Learn what you need to do (and not do) to get maximum compensation for your claim
In 2009, Kia automotive opened a manufacturing plant in West Point, Georgia. The facility employs more than 14,000 people who create in excess of 340,000 vehicles annually. Employees typically work on 1 of 3 shifts to enable manufacturing to continue 24 hours per day.
Approximately 90% of the vehicles produced at the plant are sold in the United States. Additionally, Kia’s multi-billion dollar industry also ships vehicles and products to Canada, the Caribbean, Mexico, the Middle East and Pacific Nations.
The 2,200-acre West Point site also features the Kia Georgia Training Center, which features instructors, classrooms, programmable equipment, robotics and welding labs that provide more than 2,500 individuals with world-class training in order to obtain jobs with the company.
Although Kia remains a vital economic asset to the local community, working in the automotive manufacturing industry is not without potential hazards.

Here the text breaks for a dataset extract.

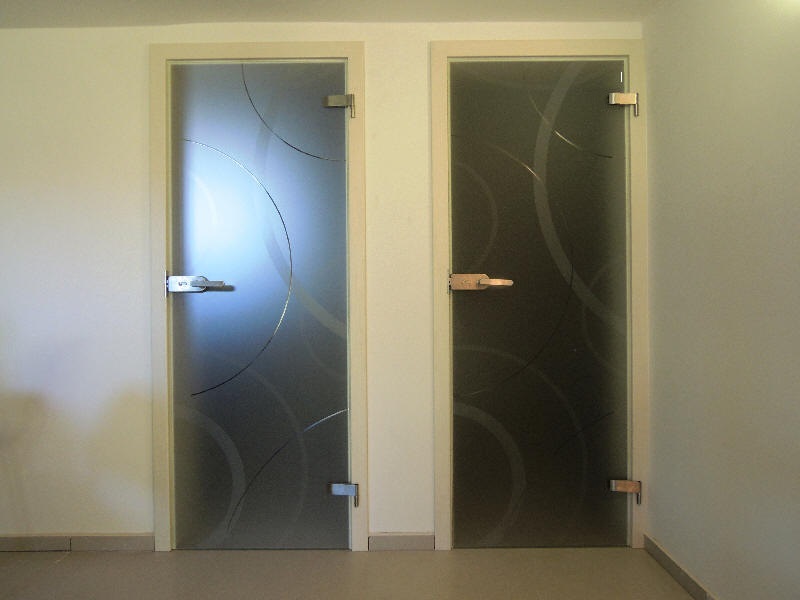 Interiérové dveře a obložková zárubeň, Celoskleněné dveře uvnitř obložkové zárubně, kování s WC zámkem. Sklo Satináto bílé + vzor VS GP22P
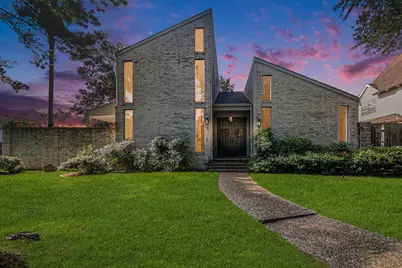 4334 Lake Grove Drive, Seabrook, TX 77586 - Photo 1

The many dangers of working in the automotive manufacturing field
According to data from the U.S. Bureau of Labor Statistics (BLS), the rate of reported illnesses and nonfatal injuries suffered by employees in the motor vehicle manufacturing industry is significantly higher than those reported in other industries.
Overall, only 5% of employees throughout the private industry experienced job-related illnesses or injuries in 2018, while 22% of automotive plant workers suffered varying degrees of work-related illness or injury.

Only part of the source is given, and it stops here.